- _Task prompt_: Below this sentence is a listing; return exactly its lines from the one with "Writing � Graph" to the one with "或售30万左右 深蓝G318更多信息曝光", both kept, and nothing more.

- _Extracted entries_:
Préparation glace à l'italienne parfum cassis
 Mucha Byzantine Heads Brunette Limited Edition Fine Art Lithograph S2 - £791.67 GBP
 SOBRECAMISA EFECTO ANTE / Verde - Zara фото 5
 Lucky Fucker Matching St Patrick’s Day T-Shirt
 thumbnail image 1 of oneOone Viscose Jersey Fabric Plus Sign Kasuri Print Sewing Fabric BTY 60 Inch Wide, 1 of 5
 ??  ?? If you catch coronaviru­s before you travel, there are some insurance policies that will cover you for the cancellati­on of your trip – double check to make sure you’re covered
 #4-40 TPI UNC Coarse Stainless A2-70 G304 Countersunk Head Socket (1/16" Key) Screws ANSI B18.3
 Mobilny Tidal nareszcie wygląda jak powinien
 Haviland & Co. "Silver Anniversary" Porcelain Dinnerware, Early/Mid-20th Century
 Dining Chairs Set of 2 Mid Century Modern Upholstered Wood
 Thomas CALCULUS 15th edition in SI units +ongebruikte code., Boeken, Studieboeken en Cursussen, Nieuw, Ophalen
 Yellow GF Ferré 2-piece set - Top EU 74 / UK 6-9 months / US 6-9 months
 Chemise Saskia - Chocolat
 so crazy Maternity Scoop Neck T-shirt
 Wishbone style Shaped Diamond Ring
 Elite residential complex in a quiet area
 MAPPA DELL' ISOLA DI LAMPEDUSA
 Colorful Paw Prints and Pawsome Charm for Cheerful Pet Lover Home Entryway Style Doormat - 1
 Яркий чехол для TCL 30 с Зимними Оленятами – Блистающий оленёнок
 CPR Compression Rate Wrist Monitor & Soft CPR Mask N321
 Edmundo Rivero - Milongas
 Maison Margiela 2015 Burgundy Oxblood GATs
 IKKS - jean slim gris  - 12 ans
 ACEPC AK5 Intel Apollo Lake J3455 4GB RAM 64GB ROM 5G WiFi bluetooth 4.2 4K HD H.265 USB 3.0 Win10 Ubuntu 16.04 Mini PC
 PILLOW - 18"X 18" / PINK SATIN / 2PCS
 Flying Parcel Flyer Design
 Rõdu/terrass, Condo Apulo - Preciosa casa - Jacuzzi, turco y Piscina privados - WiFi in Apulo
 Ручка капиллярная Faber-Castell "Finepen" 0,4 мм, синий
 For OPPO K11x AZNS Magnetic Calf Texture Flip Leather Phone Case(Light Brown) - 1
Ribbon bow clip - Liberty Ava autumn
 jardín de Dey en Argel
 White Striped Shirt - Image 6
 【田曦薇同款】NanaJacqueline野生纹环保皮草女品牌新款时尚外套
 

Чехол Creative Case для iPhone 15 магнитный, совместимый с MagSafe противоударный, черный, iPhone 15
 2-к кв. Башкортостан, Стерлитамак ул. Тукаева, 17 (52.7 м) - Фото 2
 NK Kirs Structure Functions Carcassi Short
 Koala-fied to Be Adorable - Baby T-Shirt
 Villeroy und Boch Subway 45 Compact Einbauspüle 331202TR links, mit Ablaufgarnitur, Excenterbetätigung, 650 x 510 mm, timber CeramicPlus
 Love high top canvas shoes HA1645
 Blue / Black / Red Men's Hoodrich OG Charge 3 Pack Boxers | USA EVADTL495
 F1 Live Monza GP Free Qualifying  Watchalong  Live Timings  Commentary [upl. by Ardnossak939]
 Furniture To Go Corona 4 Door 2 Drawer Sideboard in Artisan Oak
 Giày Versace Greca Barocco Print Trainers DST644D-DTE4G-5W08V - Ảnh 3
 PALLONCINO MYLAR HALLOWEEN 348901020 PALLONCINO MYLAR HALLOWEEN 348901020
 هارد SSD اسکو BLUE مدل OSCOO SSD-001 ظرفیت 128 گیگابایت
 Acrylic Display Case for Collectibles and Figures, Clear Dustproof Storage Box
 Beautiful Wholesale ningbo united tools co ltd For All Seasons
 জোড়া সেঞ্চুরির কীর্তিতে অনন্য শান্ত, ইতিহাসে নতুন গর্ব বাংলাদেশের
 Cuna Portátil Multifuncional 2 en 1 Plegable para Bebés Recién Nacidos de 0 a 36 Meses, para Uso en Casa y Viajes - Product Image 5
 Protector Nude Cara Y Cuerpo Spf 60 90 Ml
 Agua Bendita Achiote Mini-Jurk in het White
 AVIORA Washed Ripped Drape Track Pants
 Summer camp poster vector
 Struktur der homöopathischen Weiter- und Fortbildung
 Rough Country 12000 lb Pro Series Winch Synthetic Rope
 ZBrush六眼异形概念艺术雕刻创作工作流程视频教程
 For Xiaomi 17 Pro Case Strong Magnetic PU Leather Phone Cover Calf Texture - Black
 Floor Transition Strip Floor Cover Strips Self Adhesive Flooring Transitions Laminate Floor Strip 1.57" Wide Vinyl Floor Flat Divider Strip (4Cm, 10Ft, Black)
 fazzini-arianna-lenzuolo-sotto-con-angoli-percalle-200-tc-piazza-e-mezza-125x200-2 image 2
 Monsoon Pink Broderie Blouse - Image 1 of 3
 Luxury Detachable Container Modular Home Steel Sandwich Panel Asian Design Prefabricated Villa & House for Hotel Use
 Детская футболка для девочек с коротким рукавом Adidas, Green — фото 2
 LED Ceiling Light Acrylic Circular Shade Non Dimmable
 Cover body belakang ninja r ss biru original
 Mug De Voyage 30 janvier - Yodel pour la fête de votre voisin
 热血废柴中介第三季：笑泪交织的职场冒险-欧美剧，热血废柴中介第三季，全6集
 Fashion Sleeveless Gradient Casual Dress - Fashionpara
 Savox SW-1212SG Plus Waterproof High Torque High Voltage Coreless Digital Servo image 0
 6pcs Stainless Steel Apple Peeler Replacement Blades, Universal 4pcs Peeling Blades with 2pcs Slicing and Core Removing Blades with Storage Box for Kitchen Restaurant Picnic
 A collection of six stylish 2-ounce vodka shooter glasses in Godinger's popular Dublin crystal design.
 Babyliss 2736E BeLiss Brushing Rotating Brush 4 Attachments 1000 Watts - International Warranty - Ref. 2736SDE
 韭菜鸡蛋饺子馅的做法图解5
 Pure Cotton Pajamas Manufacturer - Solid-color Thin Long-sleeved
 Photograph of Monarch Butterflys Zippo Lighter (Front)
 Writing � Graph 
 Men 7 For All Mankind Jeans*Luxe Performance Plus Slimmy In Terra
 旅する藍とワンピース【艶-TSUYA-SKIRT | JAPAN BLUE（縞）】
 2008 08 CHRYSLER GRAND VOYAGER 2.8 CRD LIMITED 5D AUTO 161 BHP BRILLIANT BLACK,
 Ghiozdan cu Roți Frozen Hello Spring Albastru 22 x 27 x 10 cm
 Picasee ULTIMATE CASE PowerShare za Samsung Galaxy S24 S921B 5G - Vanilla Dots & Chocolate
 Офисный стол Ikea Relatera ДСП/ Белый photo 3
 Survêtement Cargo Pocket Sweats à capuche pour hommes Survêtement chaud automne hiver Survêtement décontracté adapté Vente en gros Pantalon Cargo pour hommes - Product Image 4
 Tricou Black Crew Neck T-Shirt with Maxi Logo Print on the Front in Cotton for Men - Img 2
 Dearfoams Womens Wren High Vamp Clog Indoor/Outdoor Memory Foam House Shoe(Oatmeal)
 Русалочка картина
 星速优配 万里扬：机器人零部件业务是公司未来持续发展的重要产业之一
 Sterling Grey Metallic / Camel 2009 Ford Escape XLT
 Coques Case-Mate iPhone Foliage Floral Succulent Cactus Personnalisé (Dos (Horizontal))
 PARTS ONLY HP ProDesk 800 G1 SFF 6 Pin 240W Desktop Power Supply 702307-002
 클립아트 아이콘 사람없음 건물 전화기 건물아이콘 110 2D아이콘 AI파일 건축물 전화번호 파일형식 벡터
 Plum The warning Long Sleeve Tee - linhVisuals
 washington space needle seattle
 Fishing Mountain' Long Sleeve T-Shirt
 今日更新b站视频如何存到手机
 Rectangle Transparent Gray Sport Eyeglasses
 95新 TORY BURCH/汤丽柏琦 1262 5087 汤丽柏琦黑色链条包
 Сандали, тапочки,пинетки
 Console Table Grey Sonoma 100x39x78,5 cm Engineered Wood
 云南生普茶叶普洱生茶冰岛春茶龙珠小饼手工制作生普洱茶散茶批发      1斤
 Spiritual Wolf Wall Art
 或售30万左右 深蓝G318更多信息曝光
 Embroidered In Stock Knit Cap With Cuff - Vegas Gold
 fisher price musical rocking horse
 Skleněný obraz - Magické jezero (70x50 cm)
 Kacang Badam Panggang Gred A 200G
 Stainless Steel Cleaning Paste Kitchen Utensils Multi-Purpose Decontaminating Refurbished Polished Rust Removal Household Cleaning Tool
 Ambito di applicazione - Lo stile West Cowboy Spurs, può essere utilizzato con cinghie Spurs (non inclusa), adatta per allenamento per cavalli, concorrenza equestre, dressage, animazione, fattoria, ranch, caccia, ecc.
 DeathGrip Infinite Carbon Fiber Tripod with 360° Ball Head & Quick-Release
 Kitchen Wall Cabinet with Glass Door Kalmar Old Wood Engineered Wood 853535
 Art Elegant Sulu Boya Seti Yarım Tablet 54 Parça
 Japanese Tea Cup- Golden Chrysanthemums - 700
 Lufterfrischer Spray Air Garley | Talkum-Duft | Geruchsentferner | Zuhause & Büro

- _Reply_:
 Writing � Graph 
 Men 7 For All Mankind Jeans*Luxe Performance Plus Slimmy In Terra
 旅する藍とワンピース【艶-TSUYA-SKIRT | JAPAN BLUE（縞）】
 2008 08 CHRYSLER GRAND VOYAGER 2.8 CRD LIMITED 5D AUTO 161 BHP BRILLIANT BLACK,
 Ghiozdan cu Roți Frozen Hello Spring Albastru 22 x 27 x 10 cm
 Picasee ULTIMATE CASE PowerShare za Samsung Galaxy S24 S921B 5G - Vanilla Dots & Chocolate
 Офисный стол Ikea Relatera ДСП/ Белый photo 3
 Survêtement Cargo Pocket Sweats à capuche pour hommes Survêtement chaud automne hiver Survêtement décontracté adapté Vente en gros Pantalon Cargo pour hommes - Product Image 4
 Tricou Black Crew Neck T-Shirt with Maxi Logo Print on the Front in Cotton for Men - Img 2
 Dearfoams Womens Wren High Vamp Clog Indoor/Outdoor Memory Foam House Shoe(Oatmeal)
 Русалочка картина
 星速优配 万里扬：机器人零部件业务是公司未来持续发展的重要产业之一
 Sterling Grey Metallic / Camel 2009 Ford Escape XLT
 Coques Case-Mate iPhone Foliage Floral Succulent Cactus Personnalisé (Dos (Horizontal))
 PARTS ONLY HP ProDesk 800 G1 SFF 6 Pin 240W Desktop Power Supply 702307-002
 클립아트 아이콘 사람없음 건물 전화기 건물아이콘 110 2D아이콘 AI파일 건축물 전화번호 파일형식 벡터
 Plum The warning Long Sleeve Tee - linhVisuals
 washington space needle seattle
 Fishing Mountain' Long Sleeve T-Shirt
 今日更新b站视频如何存到手机
 Rectangle Transparent Gray Sport Eyeglasses
 95新 TORY BURCH/汤丽柏琦 1262 5087 汤丽柏琦黑色链条包
 Сандали, тапочки,пинетки
 Console Table Grey Sonoma 100x39x78,5 cm Engineered Wood
 云南生普茶叶普洱生茶冰岛春茶龙珠小饼手工制作生普洱茶散茶批发      1斤
 Spiritual Wolf Wall Art
 或售30万左右 深蓝G318更多信息曝光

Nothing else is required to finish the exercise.